Most owners recognize the value of online reviews and make getting them a priority. Research indicates that 80% of potential buyers (even those who come by way of referral) check reviews, recommendations, and testimonials as part of their buying decisions. So, the focus makes perfect sense.

While reviews can reinforce what you do well and may uncover an area for improvement, they have limitations. When you are considering new products/services or looking for ideas to improve, who better to ask than your loyal customers (and employees)? Nothing beats a one-on-one or small group conversation. Don’t let online reviews replace other forms of feedback.
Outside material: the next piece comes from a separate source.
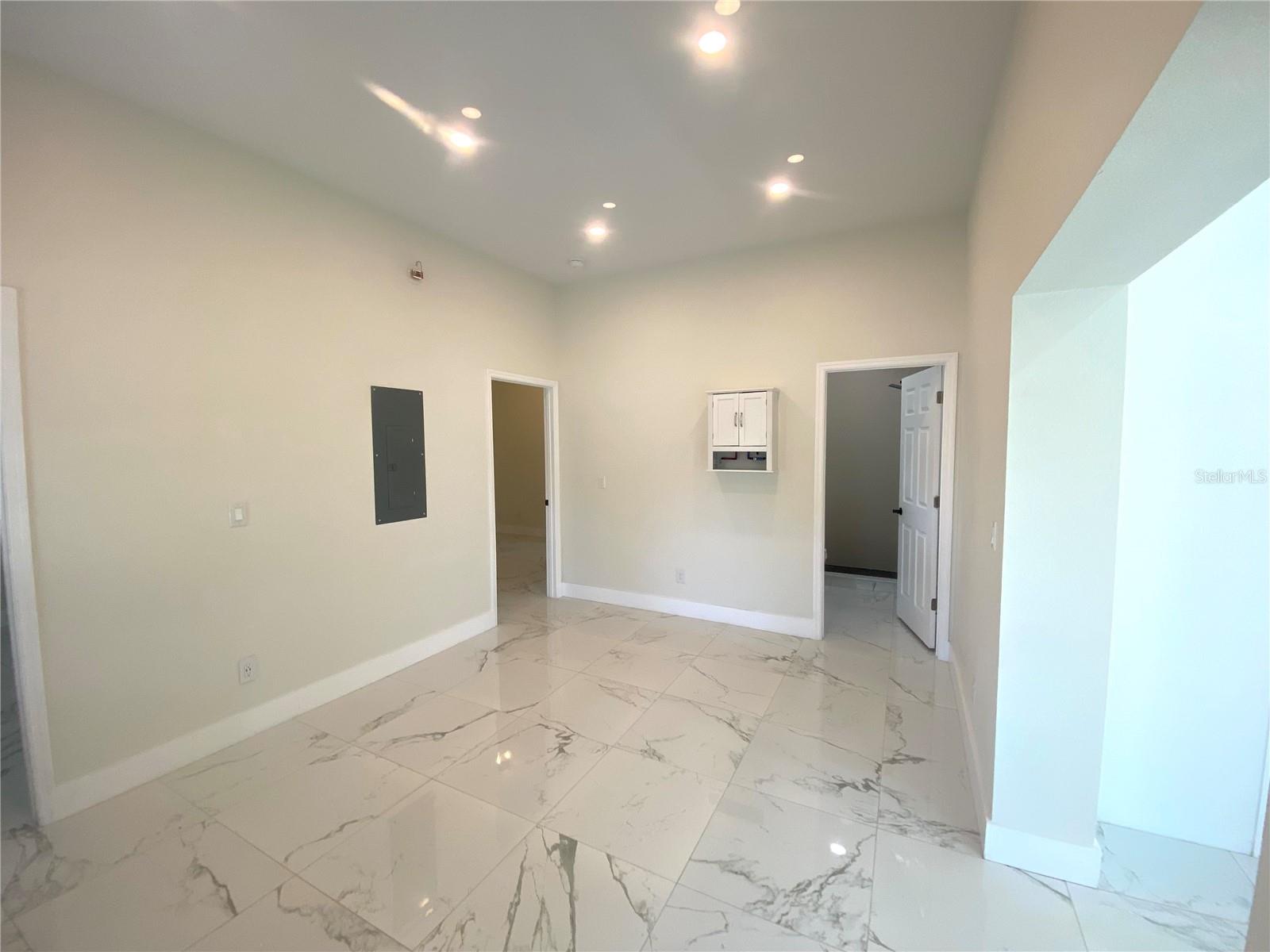 207 AVENUE E SE, WINTER HAVEN, FL, 33880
Do both! 

#5 — Do you track metrics that are important – and work as a whole team to correct issues?

When used properly, analytics is simply a decision-making tool — in sports and in business. They shouldn’t replace experience or even your gut instincts. But they can help you uncover opportunities for improvement.

Many businesses track sales metrics because they impact revenue or income. But what about your operations and service? On-time delivery, quality (re-works, defects), back-orders, labor hours, cycle times, and complaints all impact your profitability and long-term sales.  Find the gaps in your operations and work as a team to fix them.  
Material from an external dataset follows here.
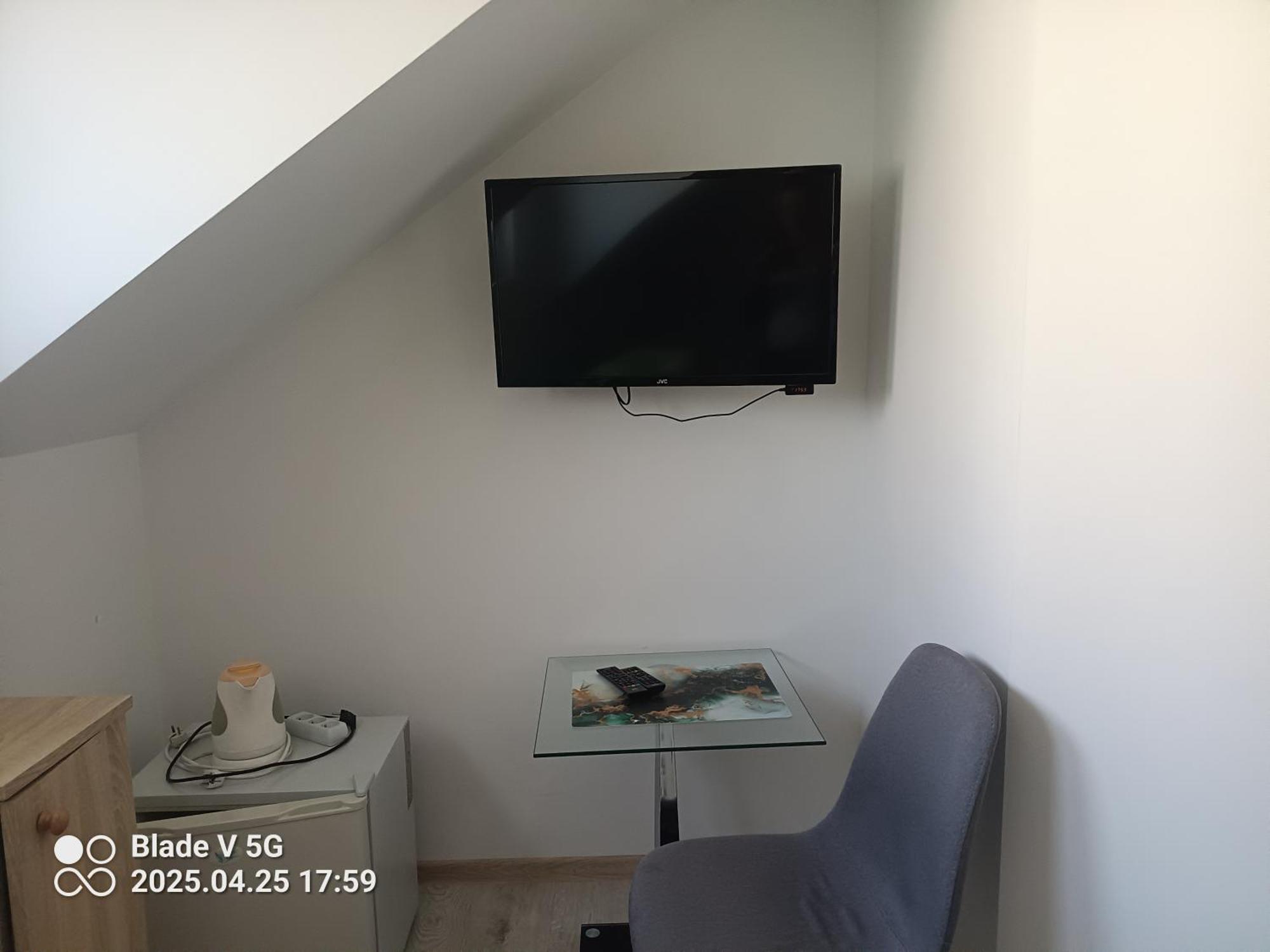 Pokoje Goscinne Tomasz Międzywodzie Exteriör bild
Build operational improvements into your plans

Growth, profit, and freedom don’t just happen by accident. If you want to improve operations, you need to build these improvements into your plans each year. You wouldn’t ignore sales in your planning because it’s key to revenue growth.  So don’t ignore operational efficiency — it’s key to having a business that runs smoothly and profitably. 

Ready to Put Your Business on a More Profitable Path?

Would another set of eyes, ongoing support, and accountability from an expert help you take your business in a new and better direction? Then let’s start a conversation. Schedule your free discovery call today. Book appointment.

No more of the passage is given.